### EXERCISE DIRECTIONS
Could you repeat, word for word, every line from the one containing "110kV变电站建筑物施工图设计图集" through the final line of the records below, and nothing else?

### THE DATA
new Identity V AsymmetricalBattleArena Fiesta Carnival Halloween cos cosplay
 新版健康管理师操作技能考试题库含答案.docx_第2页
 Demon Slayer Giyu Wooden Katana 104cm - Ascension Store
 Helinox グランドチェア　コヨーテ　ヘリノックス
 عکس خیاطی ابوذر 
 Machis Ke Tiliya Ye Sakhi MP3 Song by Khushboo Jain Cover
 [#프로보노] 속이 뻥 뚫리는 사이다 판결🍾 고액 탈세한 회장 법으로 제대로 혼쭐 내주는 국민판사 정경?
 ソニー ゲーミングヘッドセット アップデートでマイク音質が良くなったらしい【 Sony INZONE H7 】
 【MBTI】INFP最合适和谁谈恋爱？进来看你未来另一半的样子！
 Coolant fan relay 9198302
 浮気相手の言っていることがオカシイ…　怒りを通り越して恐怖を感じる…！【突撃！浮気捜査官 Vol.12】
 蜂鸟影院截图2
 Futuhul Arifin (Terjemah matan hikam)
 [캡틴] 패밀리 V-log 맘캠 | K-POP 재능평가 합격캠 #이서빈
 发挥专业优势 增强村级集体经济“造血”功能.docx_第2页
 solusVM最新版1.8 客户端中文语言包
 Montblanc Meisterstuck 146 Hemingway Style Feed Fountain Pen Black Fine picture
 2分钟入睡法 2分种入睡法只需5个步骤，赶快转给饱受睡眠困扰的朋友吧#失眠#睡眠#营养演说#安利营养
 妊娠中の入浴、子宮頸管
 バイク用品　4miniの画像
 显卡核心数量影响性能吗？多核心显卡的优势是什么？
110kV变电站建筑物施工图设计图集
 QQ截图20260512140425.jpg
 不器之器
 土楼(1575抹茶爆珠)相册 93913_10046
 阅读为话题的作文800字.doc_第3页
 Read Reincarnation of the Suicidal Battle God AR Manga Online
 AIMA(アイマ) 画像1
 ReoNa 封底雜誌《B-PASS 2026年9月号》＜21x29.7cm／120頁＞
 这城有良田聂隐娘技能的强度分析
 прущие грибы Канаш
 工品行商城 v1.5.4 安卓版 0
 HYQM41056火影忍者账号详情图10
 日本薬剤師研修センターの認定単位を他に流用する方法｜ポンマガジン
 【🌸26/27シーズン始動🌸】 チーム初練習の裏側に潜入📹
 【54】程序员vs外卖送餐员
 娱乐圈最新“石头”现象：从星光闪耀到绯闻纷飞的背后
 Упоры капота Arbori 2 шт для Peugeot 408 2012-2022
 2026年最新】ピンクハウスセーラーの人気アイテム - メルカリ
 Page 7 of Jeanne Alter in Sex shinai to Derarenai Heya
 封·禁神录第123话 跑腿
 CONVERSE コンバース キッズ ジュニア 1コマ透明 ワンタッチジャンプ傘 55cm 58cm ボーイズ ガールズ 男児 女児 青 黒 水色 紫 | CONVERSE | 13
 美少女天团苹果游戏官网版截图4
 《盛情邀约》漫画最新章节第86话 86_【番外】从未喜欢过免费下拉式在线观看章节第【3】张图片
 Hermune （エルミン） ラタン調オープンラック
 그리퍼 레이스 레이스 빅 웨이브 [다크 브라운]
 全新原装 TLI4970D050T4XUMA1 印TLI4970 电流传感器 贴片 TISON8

### RESPONSE
110kV变电站建筑物施工图设计图集
 QQ截图20260512140425.jpg
 不器之器
 土楼(1575抹茶爆珠)相册 93913_10046
 阅读为话题的作文800字.doc_第3页
 Read Reincarnation of the Suicidal Battle God AR Manga Online
 AIMA(アイマ) 画像1
 ReoNa 封底雜誌《B-PASS 2026年9月号》＜21x29.7cm／120頁＞
 这城有良田聂隐娘技能的强度分析
 прущие грибы Канаш
 工品行商城 v1.5.4 安卓版 0
 HYQM41056火影忍者账号详情图10
 日本薬剤師研修センターの認定単位を他に流用する方法｜ポンマガジン
 【🌸26/27シーズン始動🌸】 チーム初練習の裏側に潜入📹
 【54】程序员vs外卖送餐员
 娱乐圈最新“石头”现象：从星光闪耀到绯闻纷飞的背后
 Упоры капота Arbori 2 шт для Peugeot 408 2012-2022
 2026年最新】ピンクハウスセーラーの人気アイテム - メルカリ
 Page 7 of Jeanne Alter in Sex shinai to Derarenai Heya
 封·禁神录第123话 跑腿
 CONVERSE コンバース キッズ ジュニア 1コマ透明 ワンタッチジャンプ傘 55cm 58cm ボーイズ ガールズ 男児 女児 青 黒 水色 紫 | CONVERSE | 13
 美少女天团苹果游戏官网版截图4
 《盛情邀约》漫画最新章节第86话 86_【番外】从未喜欢过免费下拉式在线观看章节第【3】张图片
 Hermune （エルミン） ラタン調オープンラック
 그리퍼 레이스 레이스 빅 웨이브 [다크 브라운]
 全新原装 TLI4970D050T4XUMA1 印TLI4970 电流传感器 贴片 TISON8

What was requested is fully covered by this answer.